A public panel discussion is happening on the campus of UNC at Greensboro to explore the legacy of former North Carolina Governor Charles Aycock. It comes seven months after the Board of Directors decided to rename Aycock Auditorium.
Charles Aycock served as governor from 1901 and 1905. He was considered a champion for public education. But he was also a known white supremacist. UNCG Professor Benjamin Filene says the discussion is the first step in a year-and-a-half-long project investigating Aycock and the complicated history of race, and public memory.
He says, "Inevitably every generation revisits its past and tries to make sense of it. It's not something you do once and for all. So I see this not really as an erasure but as an opportunity for a perhaps overdue, fresh look at the past and what it means to us."
The project will eventually include a new digital campus chronicling its commemorative landscape, and the development of an Aycock exhibition plan.
"We are going to have every building represented on the digital map," says Filene. "And we've been working with my colleagues in the university libraries so that you can click on a filter and every building named after a politician will show up in one color. Then click to find how many of these buildings were named after professors. How many of those were white men? When were they named--so you put a series of different lenses on the landscape and see patterns."

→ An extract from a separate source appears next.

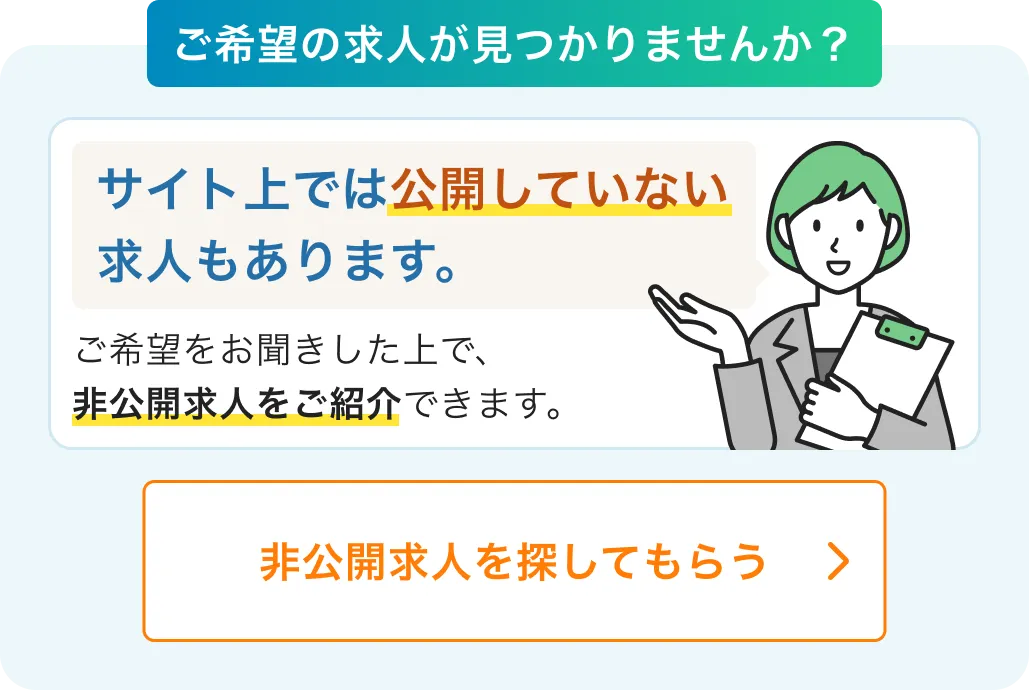 ご希望の求人が見つかりませんか？サイト上では公開していない求人もあります。ご希望をお聞きした上で、非公開求人をご紹介できます。非公開求人を探してもらう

Filene says the project rollout and discussions surrounding Aycock have already sparked spirited discussions on campus, and he says that's a good thing. "The way we mark our campus, the people that we exalt and carve into stone does send a message about our priorities and has the affect - intentional or not - of shaping who feels in the center of things and who feels marginalized, and who feels welcomed, who feels comfortable," says Filene. "I think it's appropriate, and useful - history can be a useful way for us to work through some of these very real, contemporary challenges that so many of us are concerned about and are trying to work through in the wider society. A campus can be a - you hope - a safe place to struggle with those things and practice moving towards some better solutions along the way."
The panel presentation is Friday afternoon, October 14th in UNCG Auditorium beginning at 3:30pm.